══ Extracted material

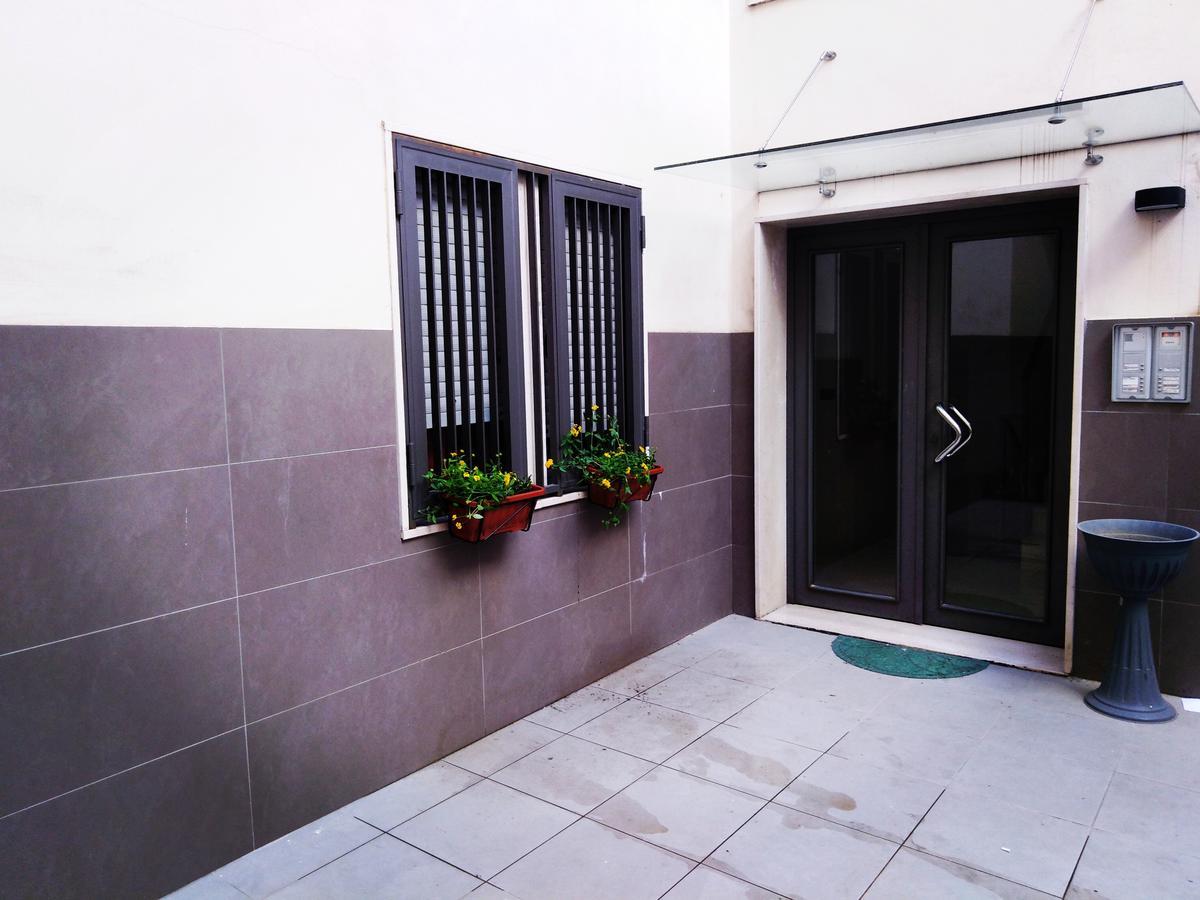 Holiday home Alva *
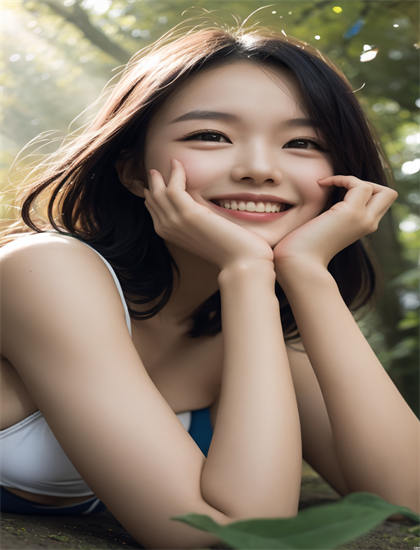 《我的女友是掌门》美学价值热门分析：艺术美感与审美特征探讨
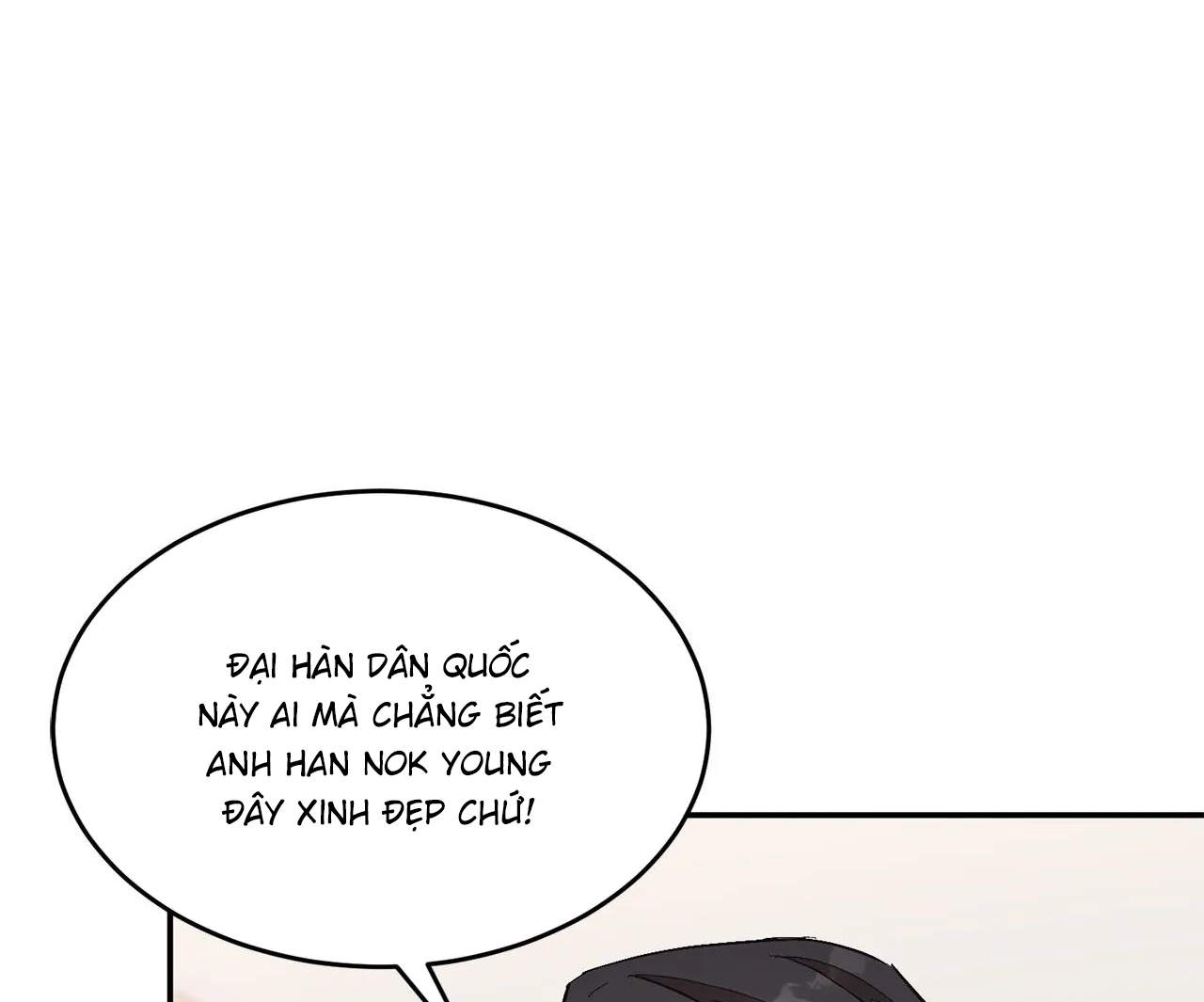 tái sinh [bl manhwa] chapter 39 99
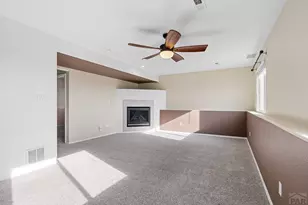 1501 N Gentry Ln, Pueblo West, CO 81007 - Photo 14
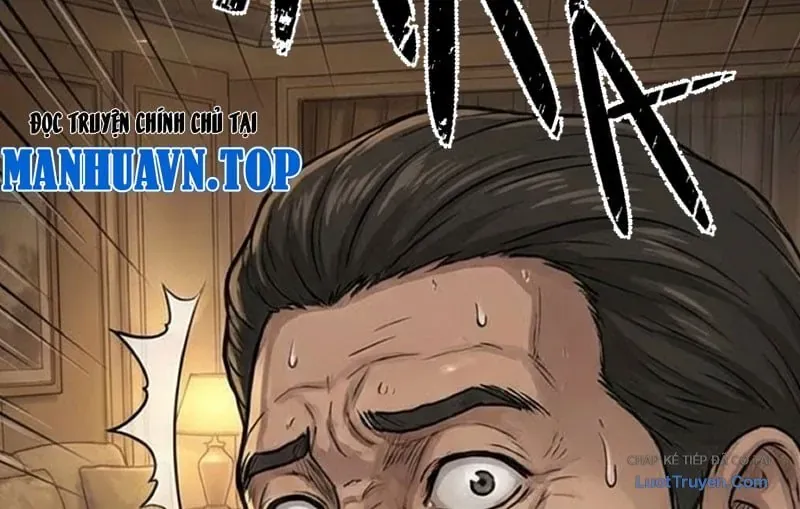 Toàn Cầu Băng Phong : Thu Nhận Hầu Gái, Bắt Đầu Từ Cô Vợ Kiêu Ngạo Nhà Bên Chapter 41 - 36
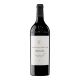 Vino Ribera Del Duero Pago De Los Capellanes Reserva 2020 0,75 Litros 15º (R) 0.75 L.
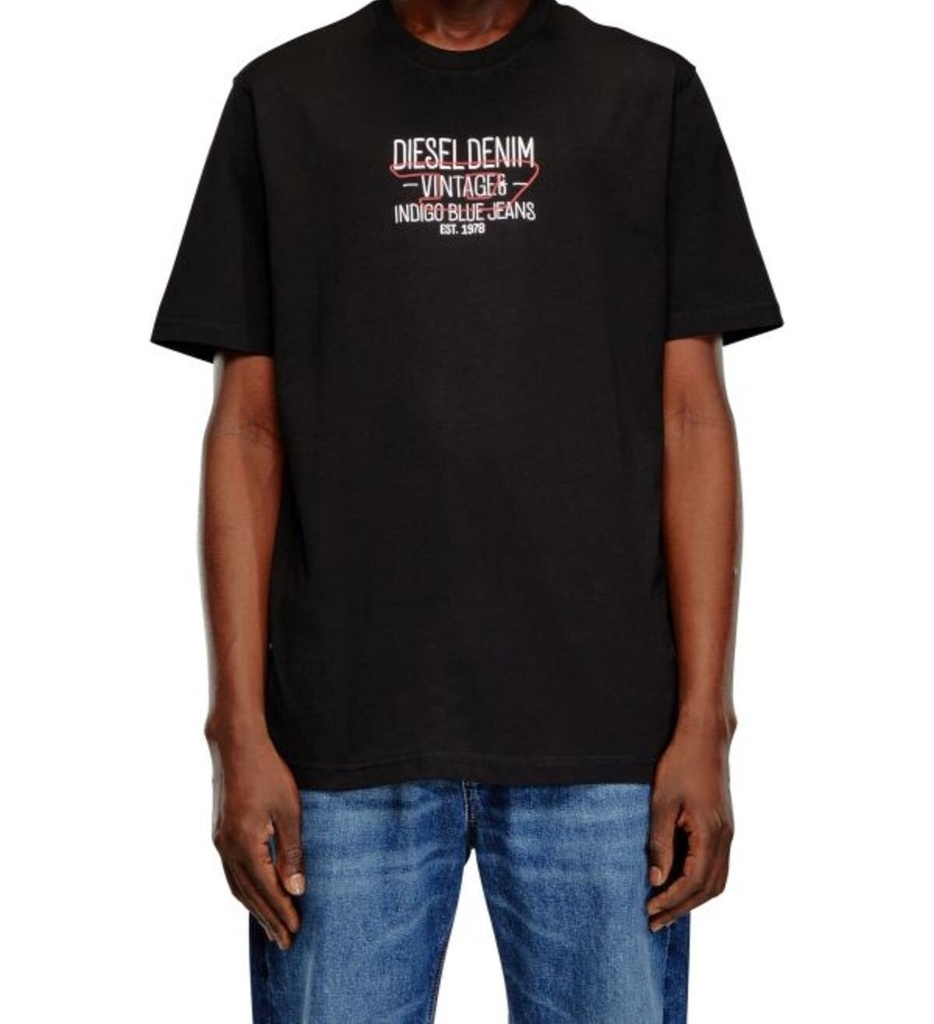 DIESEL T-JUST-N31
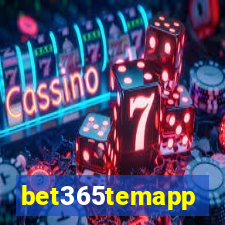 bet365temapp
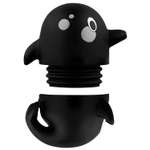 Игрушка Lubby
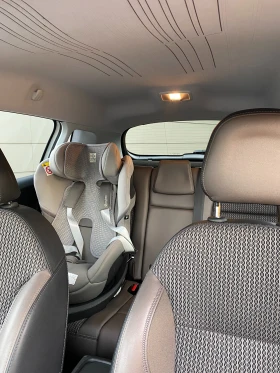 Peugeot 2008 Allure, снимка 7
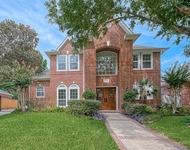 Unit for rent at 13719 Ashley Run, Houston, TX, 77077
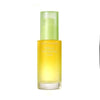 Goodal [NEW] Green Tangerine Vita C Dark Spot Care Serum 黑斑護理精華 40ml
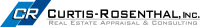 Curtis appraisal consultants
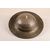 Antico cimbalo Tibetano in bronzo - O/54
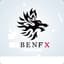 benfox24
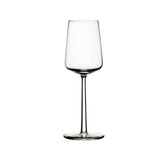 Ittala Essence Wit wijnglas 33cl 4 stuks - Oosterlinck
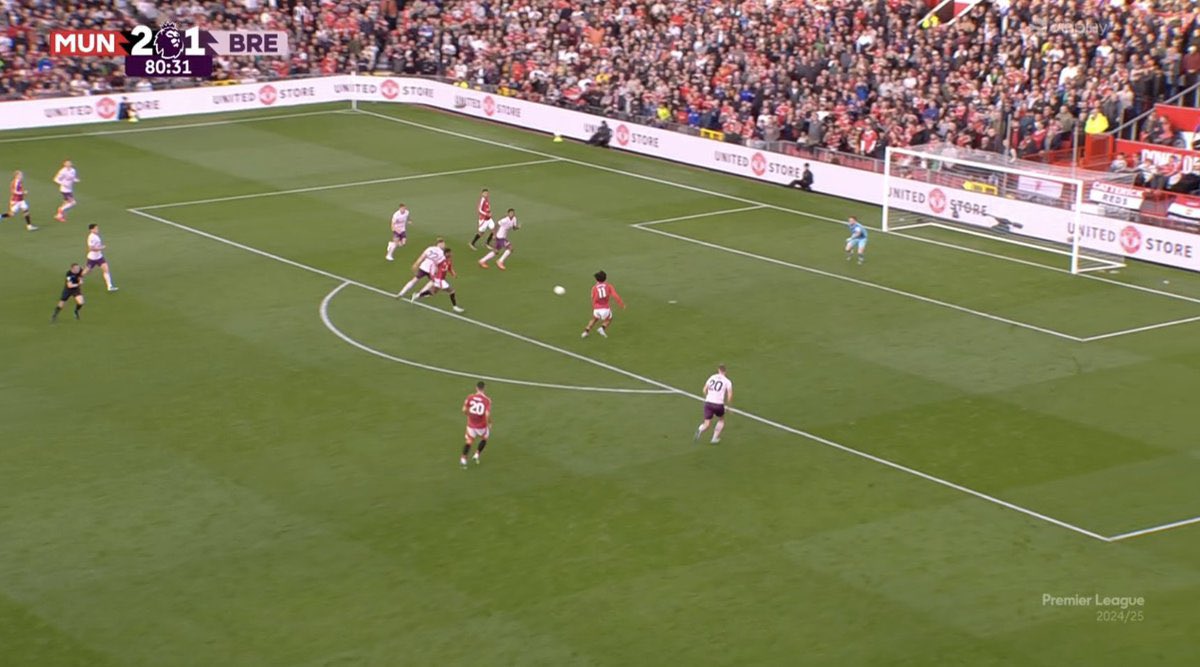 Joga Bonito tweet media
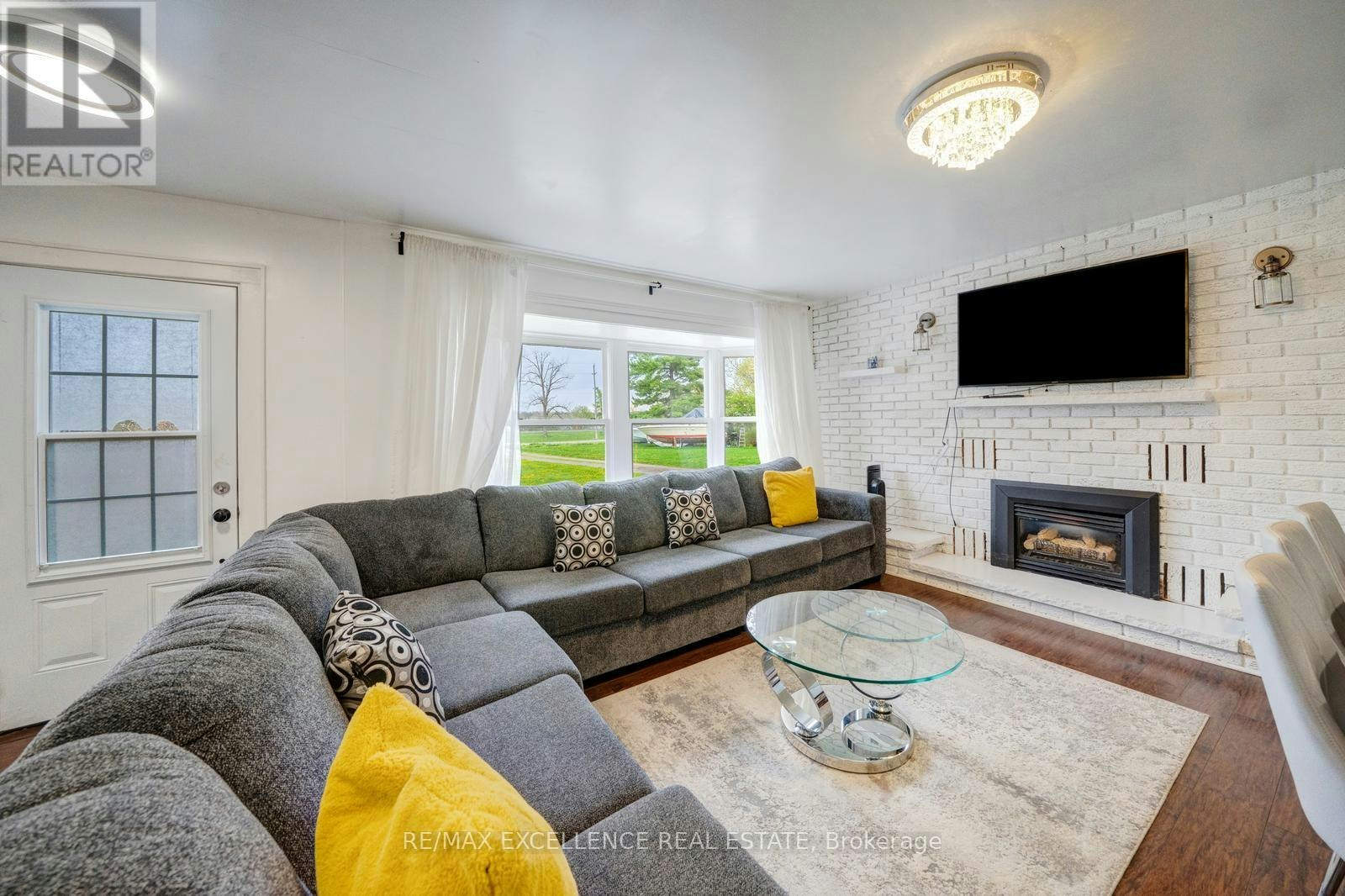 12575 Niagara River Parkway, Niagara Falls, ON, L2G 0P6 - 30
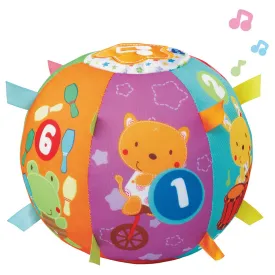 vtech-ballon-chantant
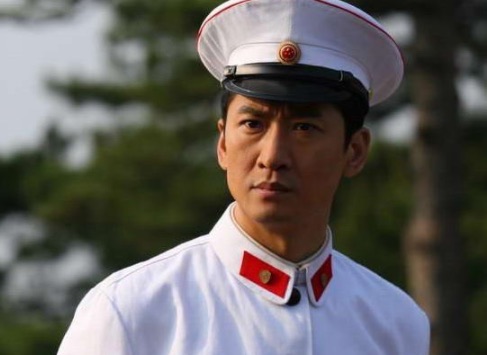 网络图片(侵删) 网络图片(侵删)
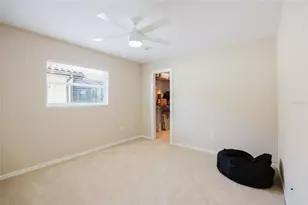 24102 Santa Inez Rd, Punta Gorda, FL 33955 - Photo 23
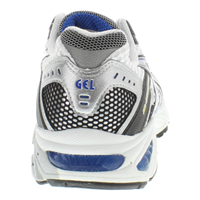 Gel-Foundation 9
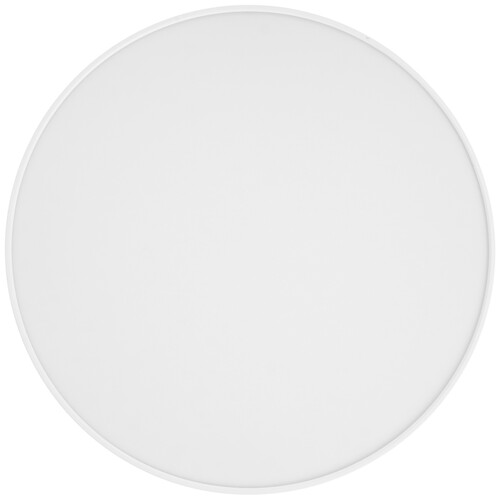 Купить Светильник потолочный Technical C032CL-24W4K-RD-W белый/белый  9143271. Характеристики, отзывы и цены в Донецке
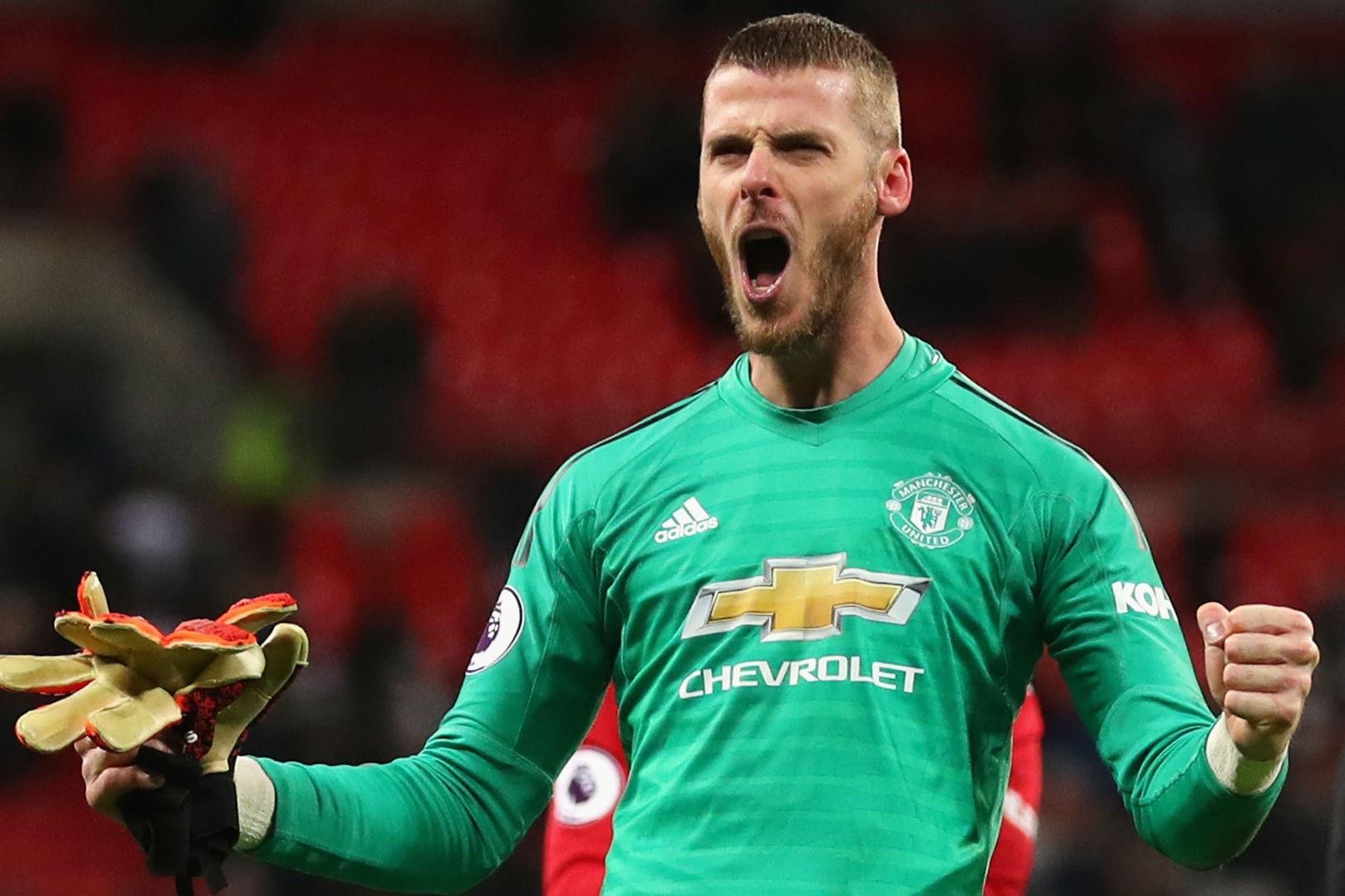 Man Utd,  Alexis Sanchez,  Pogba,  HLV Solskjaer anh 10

════

Task directions.
Using the data above, copy exactly the lines from the one containing "12575 Niagara River" to the one containing "Купить Светильник потолочный", inclusive. Exclude the pictures.

Result.
 12575 Niagara River Parkway, Niagara Falls, ON, L2G 0P6 - 30
 vtech-ballon-chantant
 网络图片(侵删) 网络图片(侵删)
 24102 Santa Inez Rd, Punta Gorda, FL 33955 - Photo 23
 Gel-Foundation 9
 Купить Светильник потолочный Technical C032CL-24W4K-RD-W белый/белый  9143271. Характеристики, отзывы и цены в Донецке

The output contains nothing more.